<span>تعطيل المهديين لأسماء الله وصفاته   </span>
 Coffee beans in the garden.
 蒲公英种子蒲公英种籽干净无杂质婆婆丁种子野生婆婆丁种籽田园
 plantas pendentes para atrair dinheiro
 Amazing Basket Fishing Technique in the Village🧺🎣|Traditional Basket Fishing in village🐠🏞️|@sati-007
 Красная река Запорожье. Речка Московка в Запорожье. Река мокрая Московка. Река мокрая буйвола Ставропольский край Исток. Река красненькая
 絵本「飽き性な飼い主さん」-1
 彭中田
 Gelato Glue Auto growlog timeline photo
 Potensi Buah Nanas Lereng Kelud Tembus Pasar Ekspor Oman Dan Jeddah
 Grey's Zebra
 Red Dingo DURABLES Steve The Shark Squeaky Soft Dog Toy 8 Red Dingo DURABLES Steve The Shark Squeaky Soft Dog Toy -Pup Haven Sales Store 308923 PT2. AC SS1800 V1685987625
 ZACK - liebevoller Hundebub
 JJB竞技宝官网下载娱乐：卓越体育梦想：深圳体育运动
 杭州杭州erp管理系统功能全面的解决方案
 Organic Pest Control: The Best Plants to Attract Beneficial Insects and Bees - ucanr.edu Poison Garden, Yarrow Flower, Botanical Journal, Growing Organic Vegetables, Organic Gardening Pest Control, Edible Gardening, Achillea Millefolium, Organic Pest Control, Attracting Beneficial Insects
----------
▶ [Assignment]:
Set down exactly the lines from the start of the records to the line with "杭州杭州erp管理系统功能全面的解决方案". Include that line, and add nothing more.

▶ [Result below]:
<span>تعطيل المهديين لأسماء الله وصفاته   </span>
 Coffee beans in the garden.
 蒲公英种子蒲公英种籽干净无杂质婆婆丁种子野生婆婆丁种籽田园
 plantas pendentes para atrair dinheiro
 Amazing Basket Fishing Technique in the Village🧺🎣|Traditional Basket Fishing in village🐠🏞️|@sati-007
 Красная река Запорожье. Речка Московка в Запорожье. Река мокрая Московка. Река мокрая буйвола Ставропольский край Исток. Река красненькая
 絵本「飽き性な飼い主さん」-1
 彭中田
 Gelato Glue Auto growlog timeline photo
 Potensi Buah Nanas Lereng Kelud Tembus Pasar Ekspor Oman Dan Jeddah
 Grey's Zebra
 Red Dingo DURABLES Steve The Shark Squeaky Soft Dog Toy 8 Red Dingo DURABLES Steve The Shark Squeaky Soft Dog Toy -Pup Haven Sales Store 308923 PT2. AC SS1800 V1685987625
 ZACK - liebevoller Hundebub
 JJB竞技宝官网下载娱乐：卓越体育梦想：深圳体育运动
 杭州杭州erp管理系统功能全面的解决方案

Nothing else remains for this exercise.